When the notions of dream and house are brought together, the dangerous condition of the dream house arises. ‘The dream house’, says Bachelard, ‘must satisfy both pride and reason, two irreconcilable terms’ (Bachelard 1969:61). One might even say two inescapable terms, the extent of the hubris and the rigor of the reason only tempered by imagination and the policies of financial institutions.

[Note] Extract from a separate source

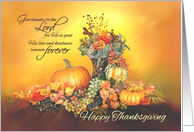 Give Thanks Happy Thanksgiving Pumpkins and Autumn Leaves card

The making of this house has been long and difficult. To re-imagine your own and the family’s rituals in a new spatial environment required that the house be designed from the inside out. These spatial relationships find some embodiment in the plan and the sections. Once the house is completed, the architect departs and you become, as Clare Cooper Marcus describes in House as a Mirror of Self. ‘part of the power struggles in making a home together with a partner; territory, control and privacy at home; self-image and location; disruptions in the bonding with home, and beyond the “house’s ego” to the call of the soul’.
We have gone through possibly six completely conceived and, in some cases, even fully-documented designs for our home. And, in most cases, on different sites, too. During the process you are wracked by insecurities – financial and otherwise – and beset with procrastination and indecisiveness, because your ego is determined to design along with you. In addition to the ego, there is the matter of accommodating secret passions in a new home. I found some solace in a memoire by Rod Steward, of all people, who had this to say about his habit: ‘You know the dangers, but you think you’ll just have a little dabble, just to find out what it feels like… The next thing you know, your so-called little dabble has turned into a raging all-consuming habit… It can get hold of a person. It can take over your life…’ (Steward 2012:234).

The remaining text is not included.